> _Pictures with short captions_
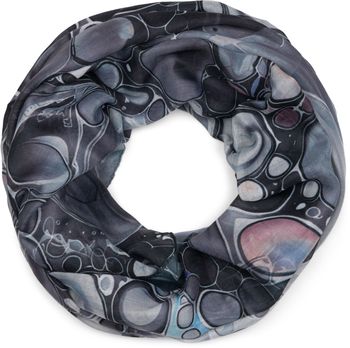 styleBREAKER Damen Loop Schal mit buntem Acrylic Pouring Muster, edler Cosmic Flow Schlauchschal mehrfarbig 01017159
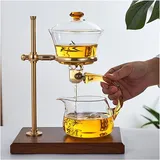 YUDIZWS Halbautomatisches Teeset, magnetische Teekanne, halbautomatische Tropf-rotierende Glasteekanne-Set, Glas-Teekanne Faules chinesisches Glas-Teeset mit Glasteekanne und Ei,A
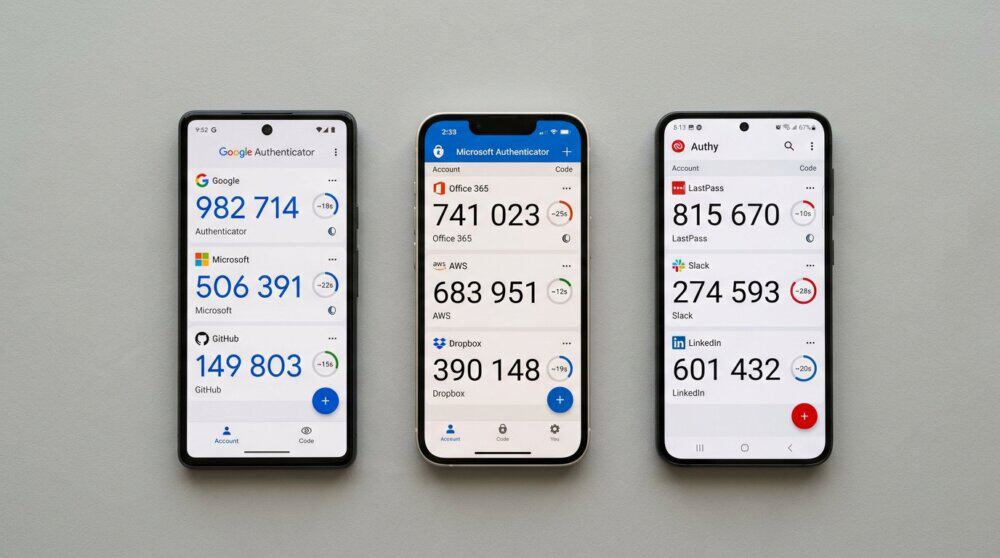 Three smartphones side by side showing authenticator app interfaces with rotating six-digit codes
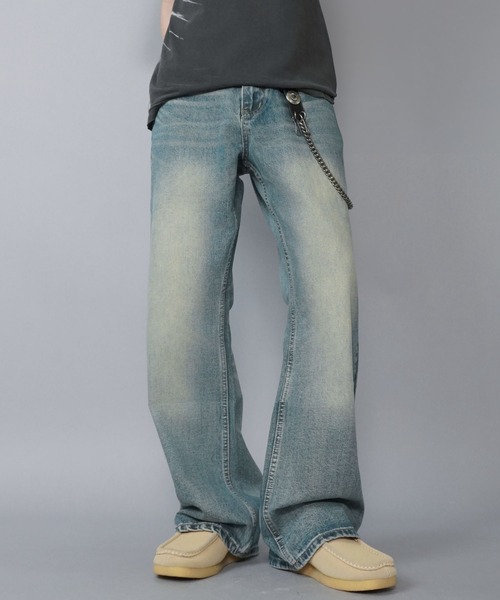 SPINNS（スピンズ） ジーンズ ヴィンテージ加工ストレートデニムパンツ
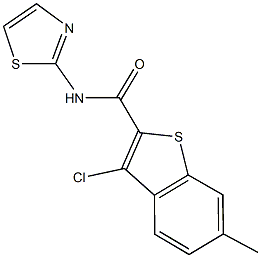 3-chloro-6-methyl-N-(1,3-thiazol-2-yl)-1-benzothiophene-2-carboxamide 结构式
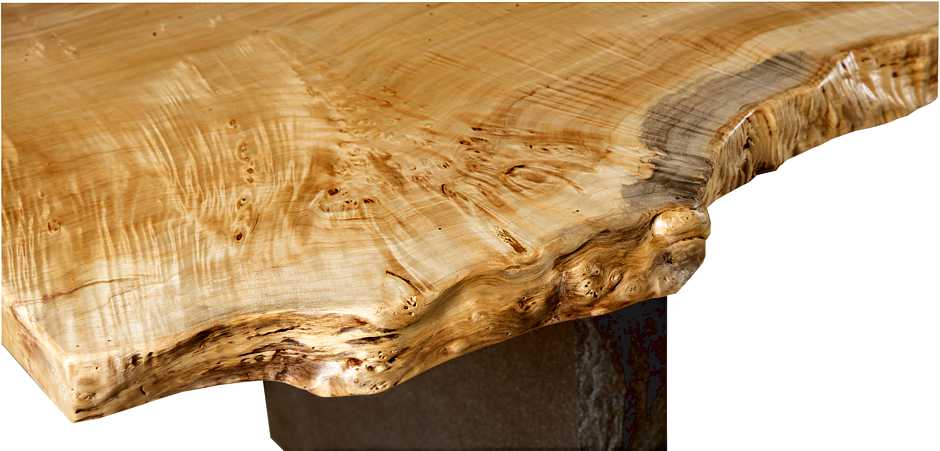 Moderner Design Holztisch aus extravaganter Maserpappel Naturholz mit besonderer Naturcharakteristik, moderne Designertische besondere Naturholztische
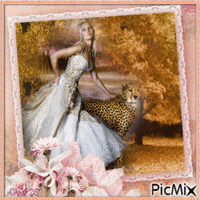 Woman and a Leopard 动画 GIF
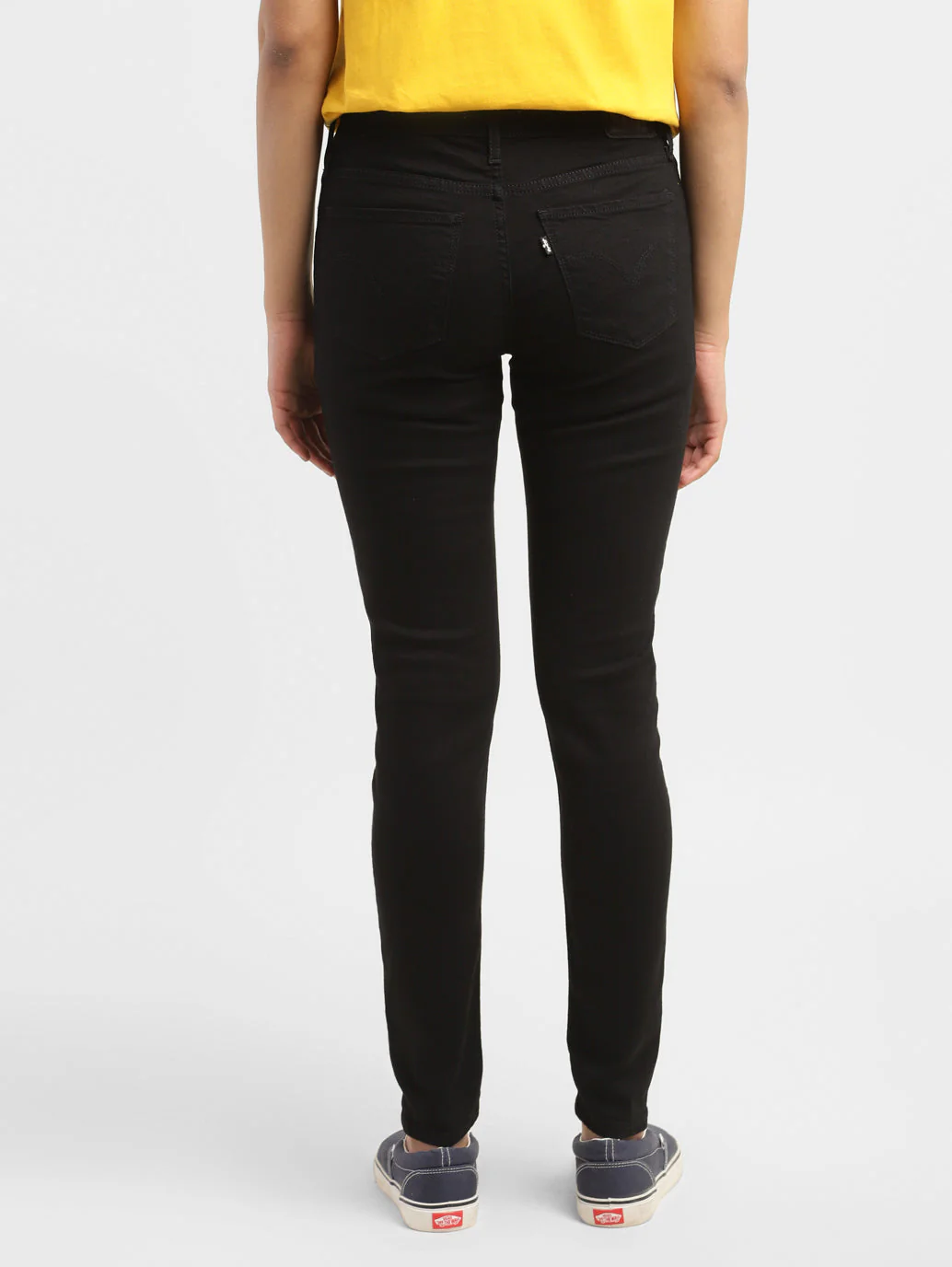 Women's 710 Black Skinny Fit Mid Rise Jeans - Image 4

> _What you need to do_
The pictures stay out; copy the rest of the data word for word.

> _Problem solution_
 styleBREAKER Damen Loop Schal mit buntem Acrylic Pouring Muster, edler Cosmic Flow Schlauchschal mehrfarbig 01017159
 YUDIZWS Halbautomatisches Teeset, magnetische Teekanne, halbautomatische Tropf-rotierende Glasteekanne-Set, Glas-Teekanne Faules chinesisches Glas-Teeset mit Glasteekanne und Ei,A
 Three smartphones side by side showing authenticator app interfaces with rotating six-digit codes
 SPINNS（スピンズ） ジーンズ ヴィンテージ加工ストレートデニムパンツ
 3-chloro-6-methyl-N-(1,3-thiazol-2-yl)-1-benzothiophene-2-carboxamide 结构式
 Moderner Design Holztisch aus extravaganter Maserpappel Naturholz mit besonderer Naturcharakteristik, moderne Designertische besondere Naturholztische
 Woman and a Leopard 动画 GIF
 Women's 710 Black Skinny Fit Mid Rise Jeans - Image 4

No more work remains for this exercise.